I am looking to calculate differences in time for different groups based on beginning work times and end work times. How can I tell R to calculate difftime between two rows based on their labels couched in a group? Below is a sample data set:
library(data.table)
latemail <- function(N, st="2012/01/01", et="2012/02/01") {
st <- as.POSIXct(as.Date(st))
et <- as.POSIXct(as.Date(et))
dt <- as.numeric(difftime(et,st,unit="sec"))
ev <- sort(runif(N, 0, dt))
rt <- st + ev
}
#create our data frame
set.seed(42)
dt = latemail(20)
work = setDT(as.data.frame(dt))
work[,worker:= stringi::stri_rand_strings(2, 5)]

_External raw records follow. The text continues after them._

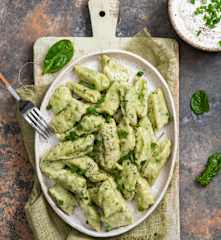 Kopytka serowo-ziemniaczane ze szpinakiem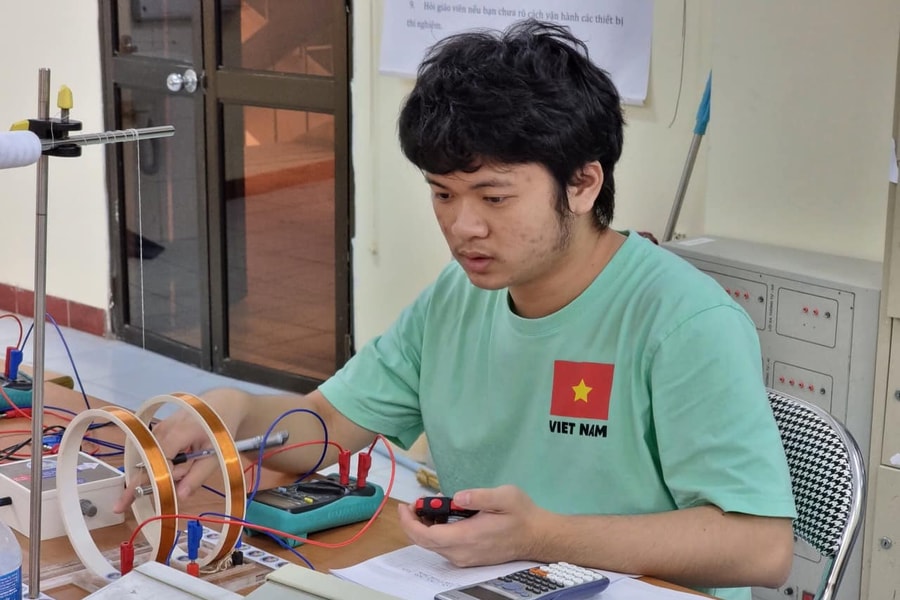 Nam sinh trường Phan đạt Huy chương Bạc Olympic Vật lý quốc tế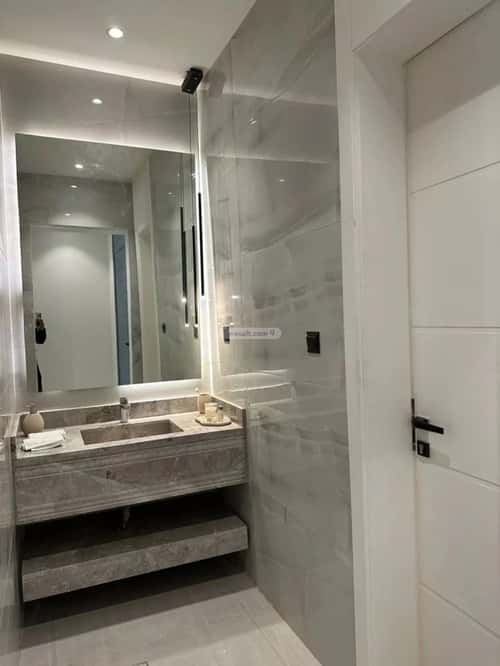 فيلا 367 متر مربع جنوبية على شارع 32م الشراع، شمال جدة، جدة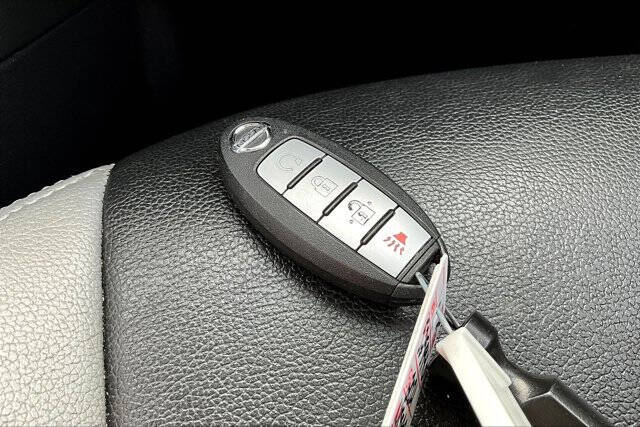 2021 Nissan Kicks SR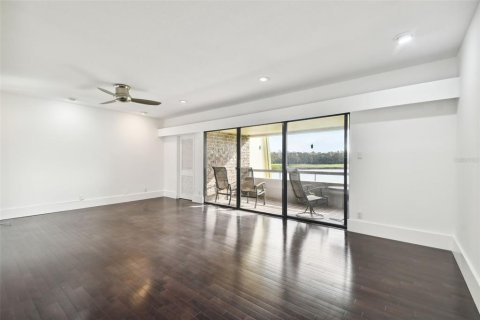 Condo in Palm Harbor, Florida, 2 bedrooms  № 1422495 - photo 9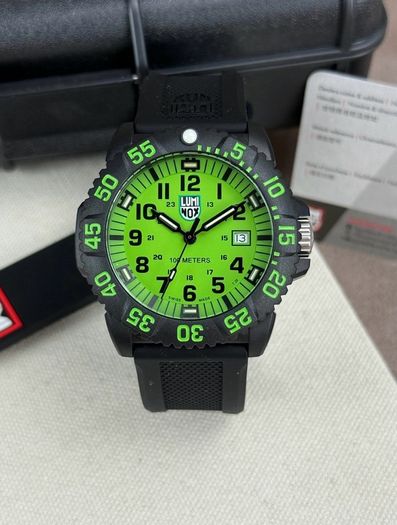 (Brand New)Luminox - Sea Lion Date Green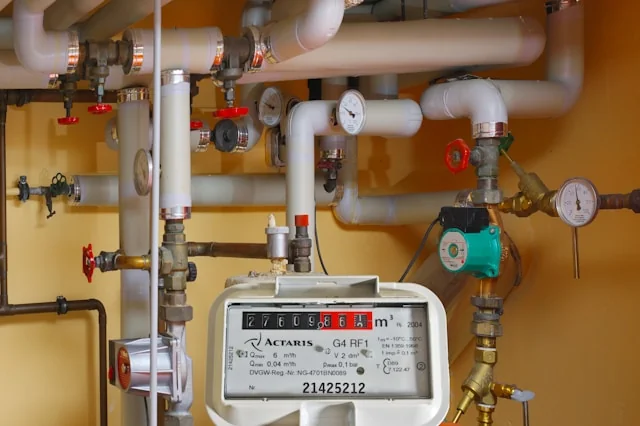 Warunki gruntowe a efektywność pompy ciepła - co sprawdzić przed odwiertami?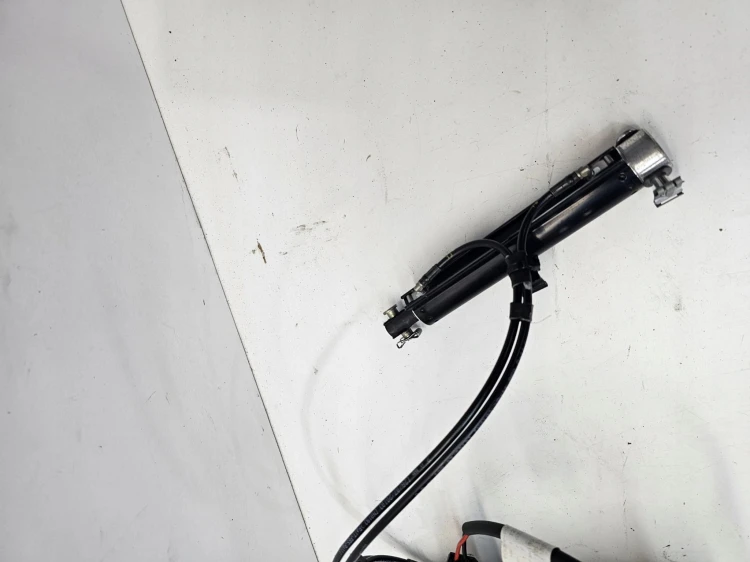 POMPA POMPKA DACHU AUDI A3 8P CABRIO 8P7871791 KOMPLET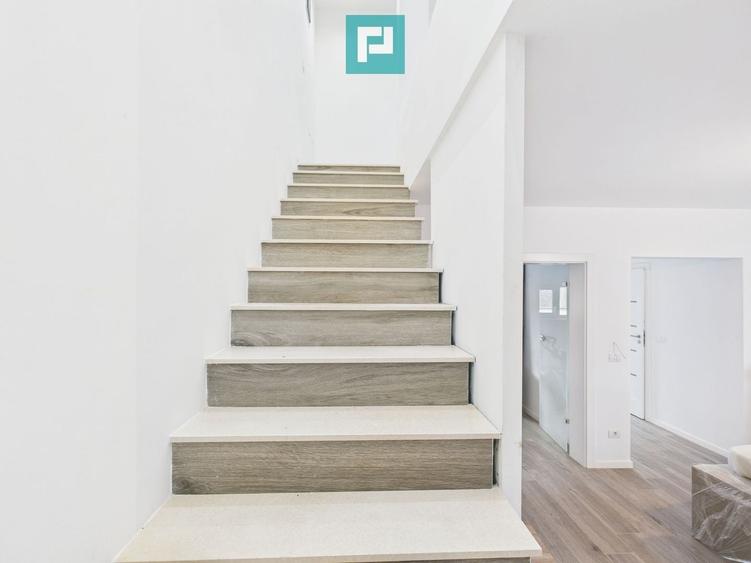 Duplex cu 5 camere cu Canalizare în Giroc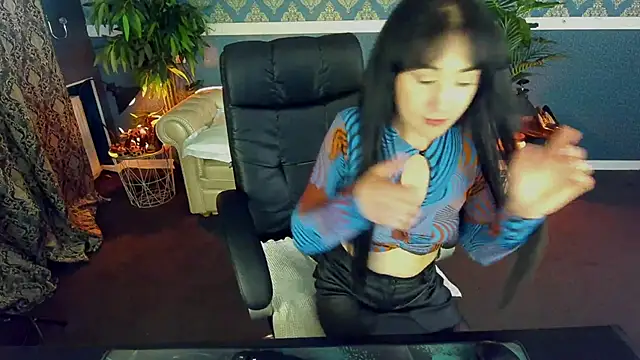 CarolinaaFoxyyy Adlı Modelin Canlı XXX Sohbeti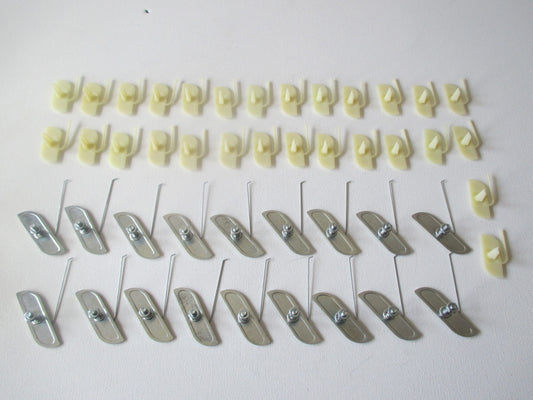 63 Chev Moulding Clip Set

work[,dt:= as.POSIXct(as.character(work$dt), tz = "GMT")]
work[,status:=NA]
#order
setorder(work, worker, dt)
#add work times
work$status[1] = "start"
work$status[5] = "end"
work$status[6] = "start"
work$status[10] = "end"
work$status[11] = "start"
work$status[15] = "end"
work$status[16] = "start"
work$status[20] = "end"
table looks like this now:
dt worker status
1: 2012-01-04 23:11:31 VOuRp start
2: 2012-01-09 15:53:16 VOuRp NA
3: 2012-01-15 02:56:45 VOuRp NA
4: 2012-01-16 21:12:26 VOuRp NA
5: 2012-01-20 16:27:31 VOuRp end
6: 2012-01-22 15:34:05 VOuRp start
7: 2012-01-23 15:01:18 VOuRp NA
8: 2012-01-29 03:36:56 VOuRp NA
9: 2012-01-29 20:11:02 VOuRp NA
10: 2012-01-31 02:48:01 VOuRp end
11: 2012-01-04 10:24:38 u8zw5 start
12: 2012-01-08 17:02:20 u8zw5 NA
13: 2012-01-14 23:33:35 u8zw5 NA
14: 2012-01-15 12:23:52 u8zw5 NA
15: 2012-01-18 03:53:15 u8zw5 end
16: 2012-01-21 03:48:08 u8zw5 start
17: 2012-01-23 02:01:10 u8zw5 NA
18: 2012-01-26 12:51:10 u8zw5 NA
19: 2012-01-29 18:23:46 u8zw5 NA
20: 2012-01-29 22:22:14 u8zw5 end
Answer I'm looking for:
ultimately I would like to get the bottom values (labeled worker 1 and worker 2 just because wasn't sure how to do the parallel of set.seed()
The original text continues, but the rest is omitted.